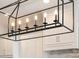 Modern kitchen features an industrial-style chandelier over white cabinets and a sleek backsplash at 182 Walking Horse Trl, Davidson, NC 28036
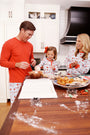 Wearing The Beaufort Bonnet Company’s Snooze Button Set - Santa’s Laundry Line, a family laughs together while baking cookies in a sunny kitchen. Dad mixes ingredients, mom beams nearby, and their daughter holds a ball of dough. Holiday treats and festive cookie cutters decorate the wooden counter.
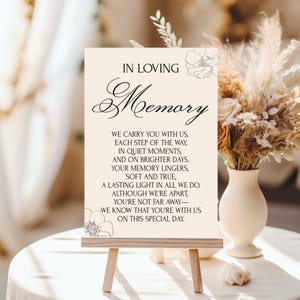 Puede incluir: Un letrero color crema sobre un pequeño caballete de madera, con las palabras "IN LOVING Memory" en una elegante escritura. El letrero incluye un poema sobre el recuerdo y está decorado con ilustraciones florales. Un jarrón de flores secas está en el fondo.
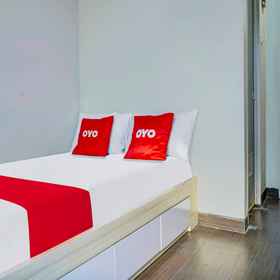 Bedroom 1 SPOT ON 91205 リンダン ゲストハウス シャリア, PT INDO MAKLON NATURAL KOSMETIKA ホテル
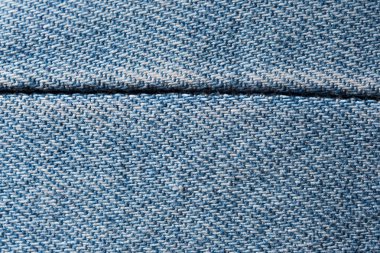 Close-up view of light blue denim showing textured weave and a detailed horizontal seam.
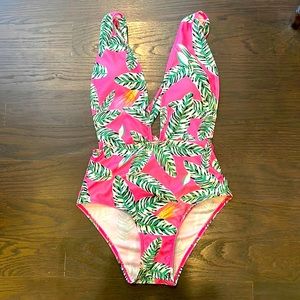 Goodnight macaroon one piece swimsuit. Low back and low cut in front- size small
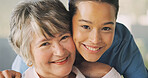 Senior, woman and portrait and hug with nurse for medical help or assisted living in home. Female people, healthcare worker or caregiver with patient, smile or embrace for elderly care in house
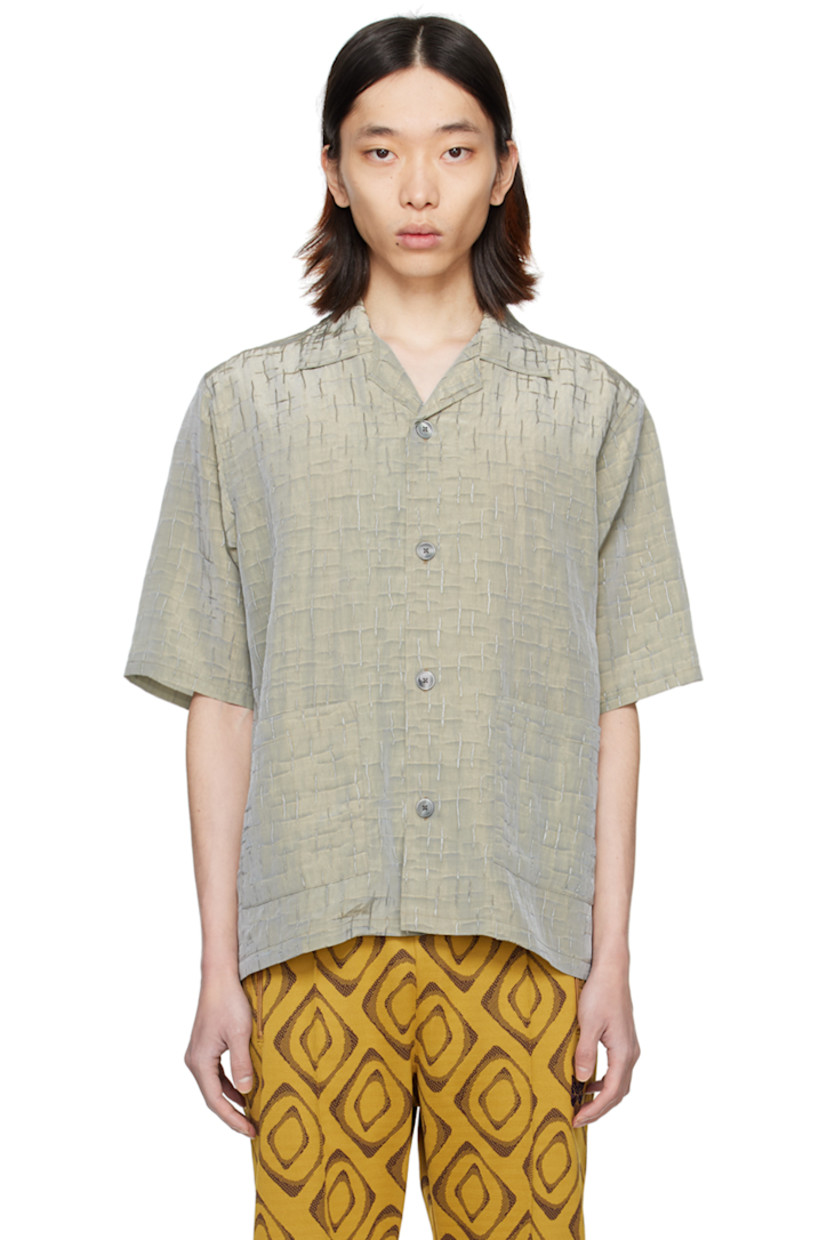 Rayon- and nylon-blend sateen shirt. Jacquard pattern embroidered throughout.

· Open spread collar
· Button closure
· Patch pockets

Supplier color: Blue/Grey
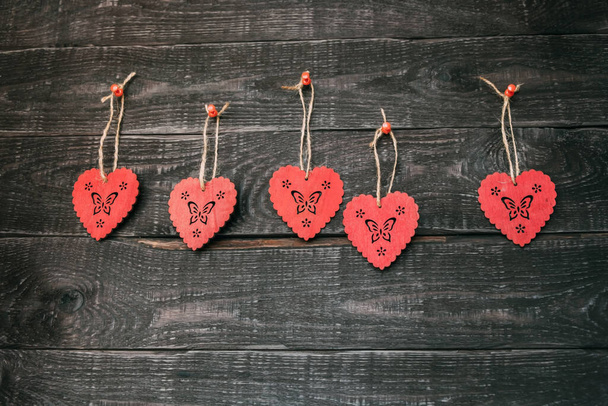 Κρεμαστά ξύλινα κόκκινα καρδιές σε ξύλινο τοίχο στη σειρά. - Φωτογραφία, εικόνα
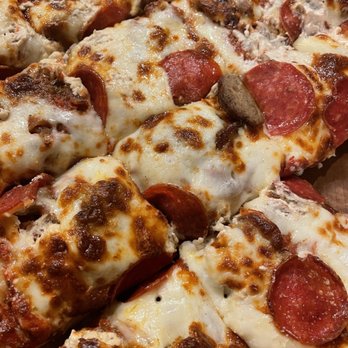 Vic's Pizza - Stamp Collector. Sausage, pepperoni and garlic cream cheese. - Pizza Near Me - Lincoln, Nebraska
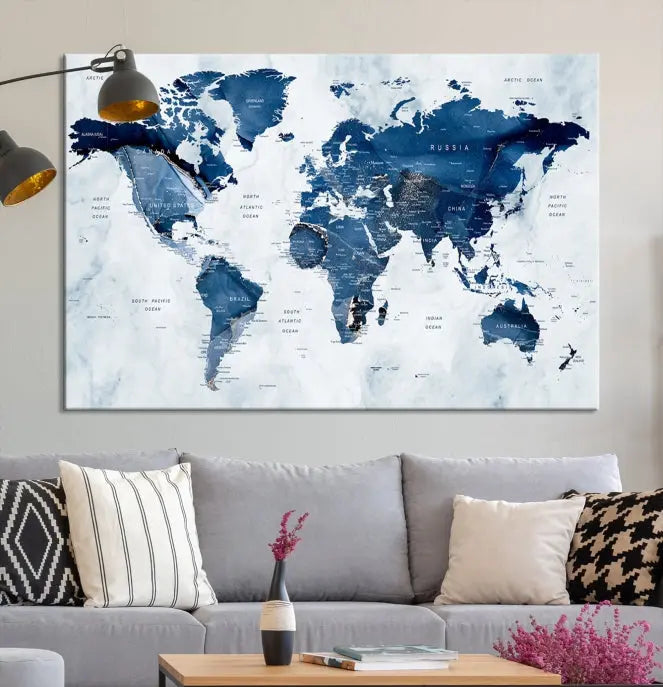 A Push Pin World Map Watercolor Wall Art Canvas Print in shades of blue and white is displayed.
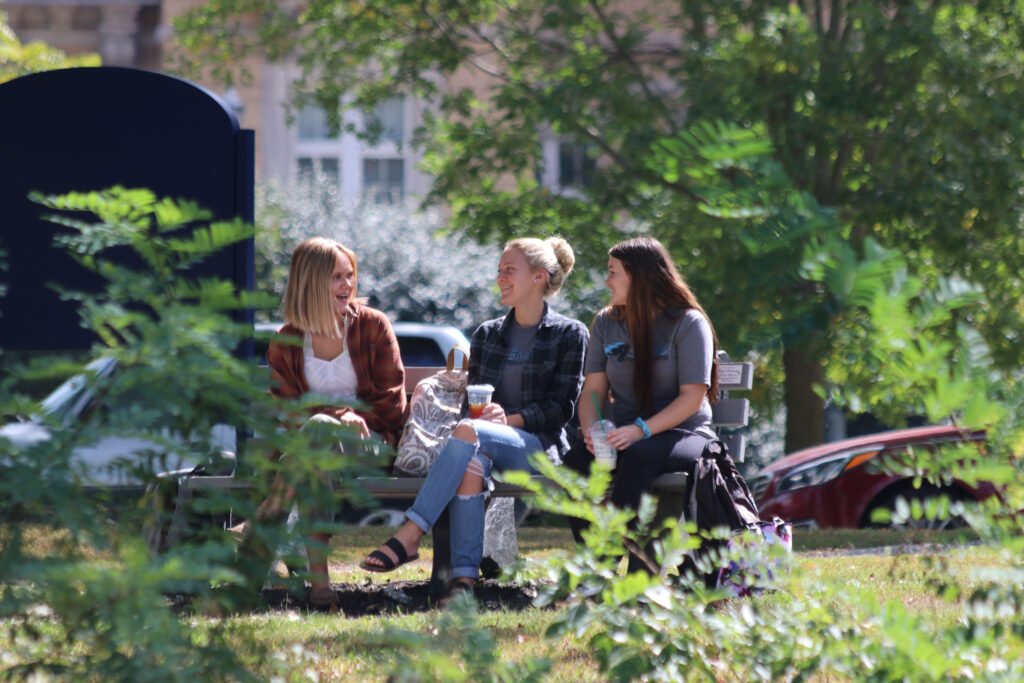 Smiling students on bench by the lake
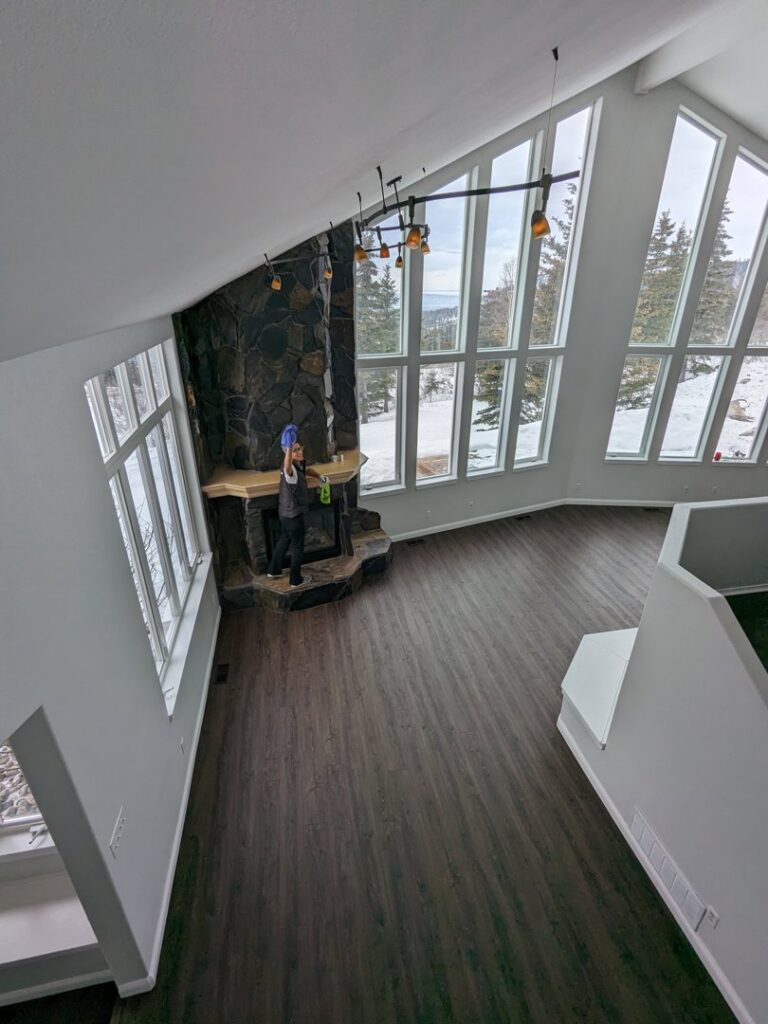 A house cleaner from Leave The Dust To Me Cleaning Services LLC in Anchorage, AK, cleaning a fireplace mantel in a spacious living room.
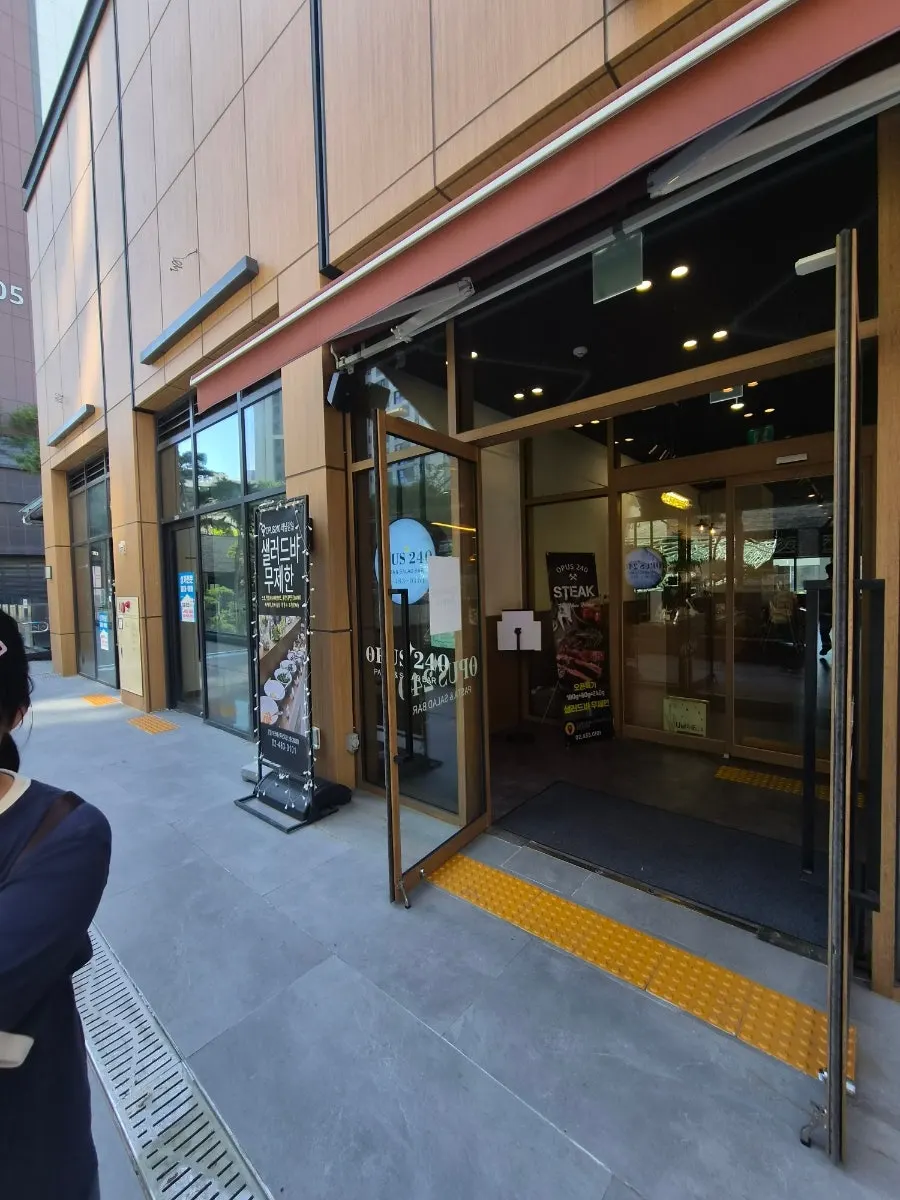 Sign showing Opus240's storefront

» Your assignment: Beginning with the line that holds "Κρεμαστά ξύλινα κόκκινα", return each line through the end of the records above exactly. Do not include pictures.

» Written answer:
 Κρεμαστά ξύλινα κόκκινα καρδιές σε ξύλινο τοίχο στη σειρά. - Φωτογραφία, εικόνα
 Vic's Pizza - Stamp Collector. Sausage, pepperoni and garlic cream cheese. - Pizza Near Me - Lincoln, Nebraska
 A Push Pin World Map Watercolor Wall Art Canvas Print in shades of blue and white is displayed.
 Smiling students on bench by the lake
 A house cleaner from Leave The Dust To Me Cleaning Services LLC in Anchorage, AK, cleaning a fireplace mantel in a spacious living room.
 Sign showing Opus240's storefront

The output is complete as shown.